Barry Cable v Liverpool Victoria Insurance Company Limited - Case number D34BI037

On Appeal, the Court has endorsed a decision striking out a claim worth £2.6 million for abuse of process.

The facts

The Claimant was involved in a road traffic accident on 1st September 2014. On 24th September 2014 a claims notification form was submitted referring to soft tissue injuries to the neck, back and shoulder. The Defendant made an admission of liability on 2nd October 2014, anticipating that the matter would be would be capable of an early and easy resolution.

On 28th November 2014, a medical report suggested for the first time that the Claimant was off work, and recommended without giving a definitive prognosis that the Claimant should be examined by a neurologist.

In January 2015, the service of the interim settlement pack led to an interim payment of £1000. It was shortly after this that the Defendant's representative started asking questions of the Claimant's advisers as to the progress of the claim, seeking information such as whether the Claimant was still off work, and whether there was a loss of earnings claim. The Claimant did not respond to the enquiries. The Defendant made a Part 36 offer on 19 April 2016 in the sum of £10,000. This was based on the original report and on the belief that the Claimant was still off work, and to be examined by a neurologist.

Unbeknown to the Defendant, the Claimant had been examined by a neurologist but the report had not been disclosed and his employment had been terminated. The Claimant had been earning approximately £130,000 per annum. A further neurological report had been commissioned and was available in January 2017. This suggested an ongoing and probably permanent problem attributable to the accident but the report was not disclosed to the Defendant.

Despite the Claimant having loss of earnings claim alone standing at over £200,000. In July 2017, the Claimant's solicitors issued a Part 8 claim on the basis that the claim was still suitable for the portal and obtained a 12-month stay.

In August 2018, the Claimant's representative indicated that the Claimant was still suffering from significant neurological problems and had not returned to work having lost his £130,000 per annum job. It was suggested that the claim was no longer suitable for the MOJ portal and a consensual transfer to Part 7 was sought. Shortly before the stay was due to expire; the two neurological medical reports were served on the Defendant. The Defendant opposed the application and sought the strike out of the claim.

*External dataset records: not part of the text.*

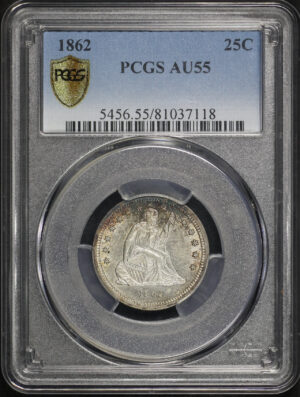 Obverse of this 1862 Liberty Seated Quarter PCGS AU-55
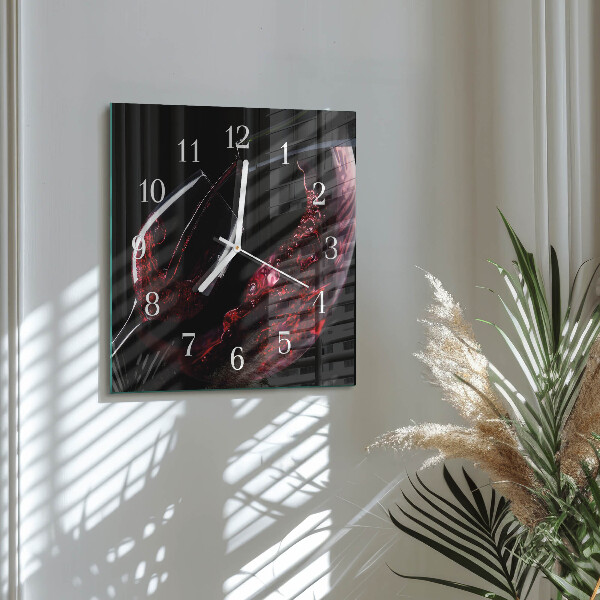 Square wall clock Wine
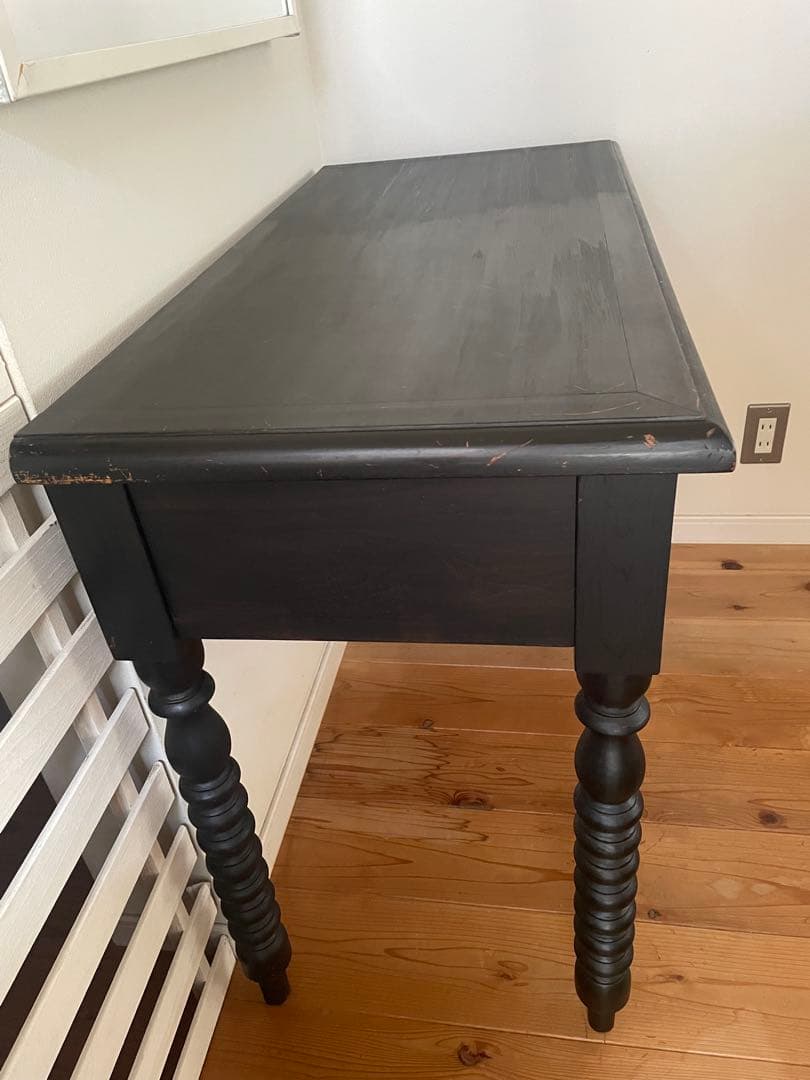 再値下げアンティーク ボビンレッグデスク テーブル マットブラック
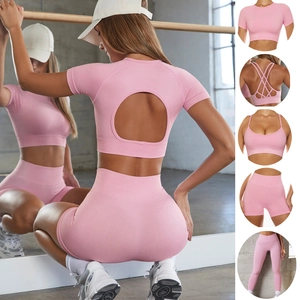Costume de Yoga Sans Couture pour Femmes Leggings Taille Haute Crop Top Manches Courtes Ensembles de Gym Soutien-Gorge de Sport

The first instance decision

District Judge Campbell held that the portal process had clearly been abused and the claim was struck out. She remarked

"… in a case that never, ever at the time they issued the claim form could it be said would have a value of £25,000 or less. That to me is an abuse of process and the abuse comes from using the procedure that is available to portal claims in a case that could not be said, on any stretch of the imagination, to be a portal claim…."

The appeal

On appeal, HHJ Wood upheld DJ Campbell's decision noting that the Claimant had acted unfairly. They had bypassed the requirements of the personal injury protocol and had avoided the operation of the Limitation Act.

Forbes comment

The misuse of the MOJ portal for a high value claim resulted in the strike out a claim worth over £2.6 million. The MOJ portal and the Part 8 procedure was devised to provide a mechanism for low value claims to be resolved quickly and without significant court involvement. Claims that are worth more than £25,000 are subject to the PI protocol. The PI protocol adopts a different approach from the outset. If the claim had followed the PI protocol, the Defendant would have had the opportunity to provide rehabilitation, to participate in case management and the selection of experts, and crucially to set an appropriate reserve.

Without a doubt, this case this case sends out a clear message that the Courts will not shy away from striking out claims where there has been a clear abuse of the MOJ portal process. It is hoped that the case will discourage Claimant solicitors from using the portal to incubate claims in the future.

For more information contact Sarah Wilkinson in our Insurance department via email or phone on 01254 662831. Alternatively send any question through to Forbes Solicitors via our online Contact Form.

Learn more about our Insurance department here

Research reveals Facebook surveillance 'normalised' by social…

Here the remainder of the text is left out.